§ TASK DETAILS
Output every record exactly and leave each picture out.

§ Pictures with short captions
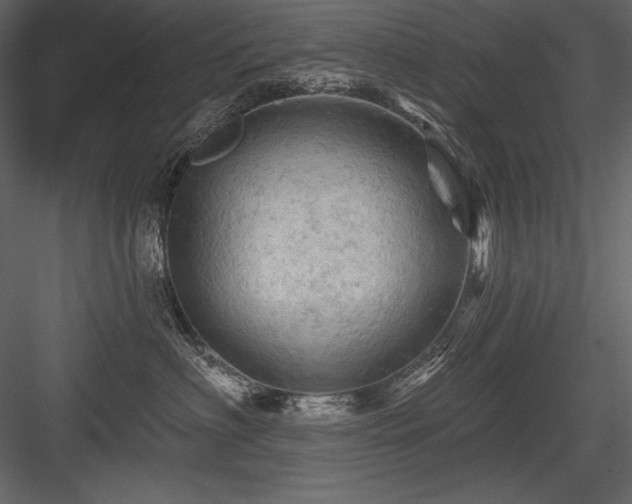 X0000084560622200702231234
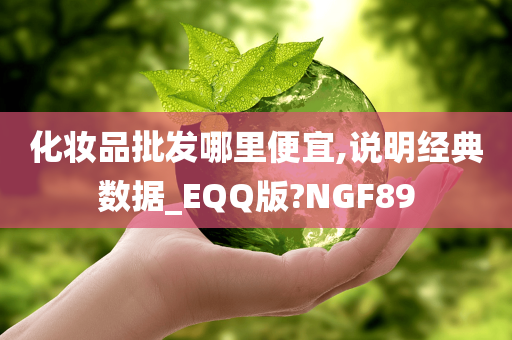 化妆品批发哪里便宜,说明经典数据_EQQ版?NGF89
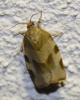 Choristoneura hebenstreitella
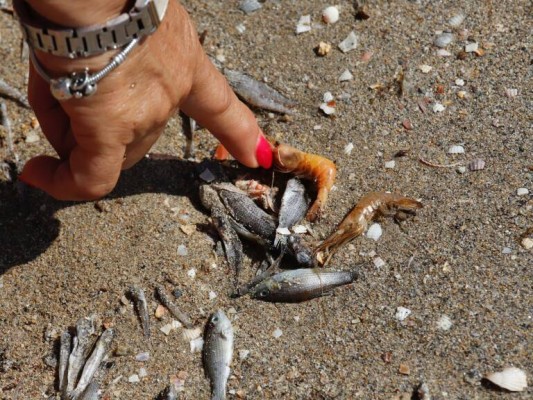 Quince toneladas de peces y algas: ese es el episodio de mortandad en menos de dos semanas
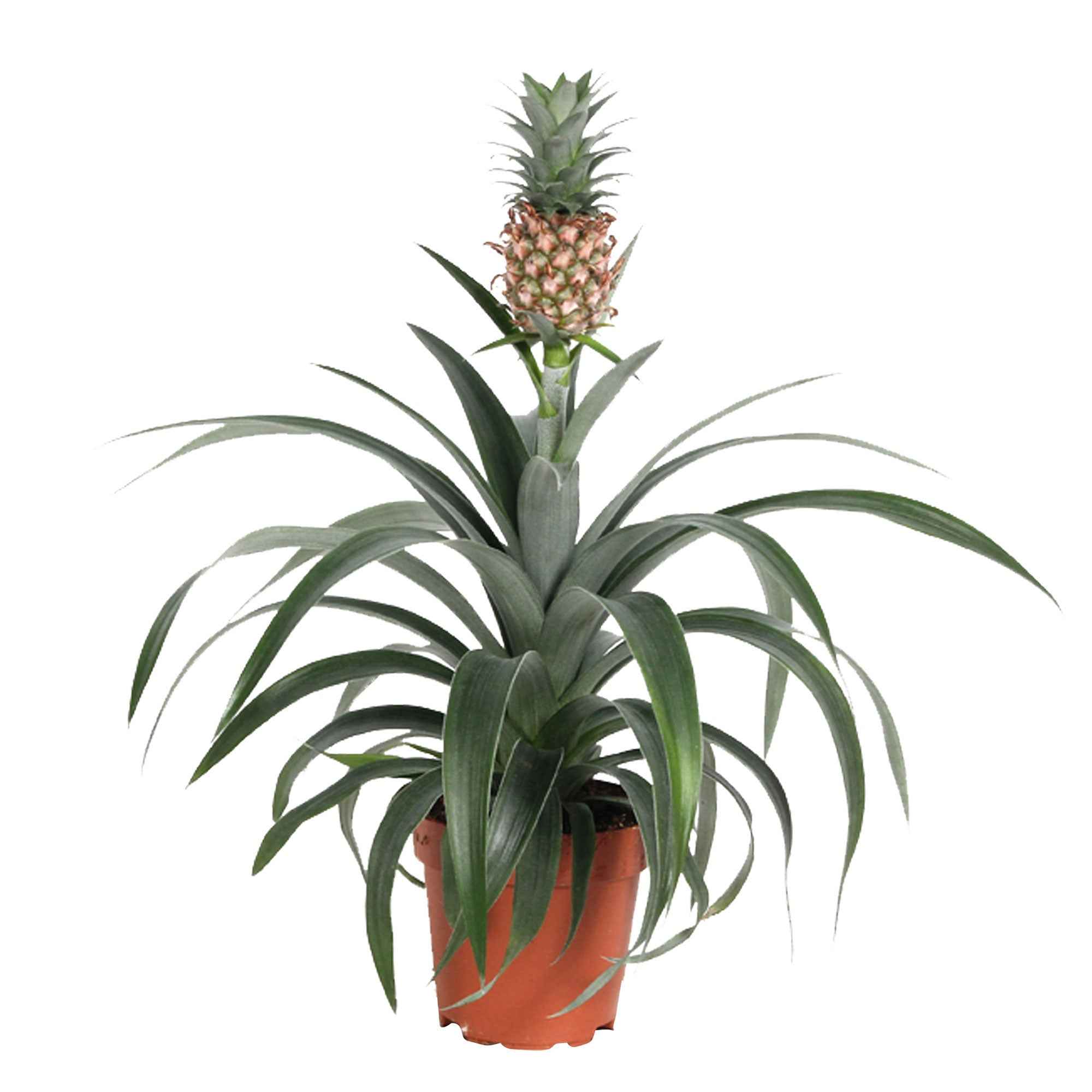 Bakker Ananas comosus plante d'intérieur pot 12cm fruit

§ TASK OUTPUT
 X0000084560622200702231234
 化妆品批发哪里便宜,说明经典数据_EQQ版?NGF89
 Choristoneura hebenstreitella
 Quince toneladas de peces y algas: ese es el episodio de mortandad en menos de dos semanas
 Bakker Ananas comosus plante d'intérieur pot 12cm fruit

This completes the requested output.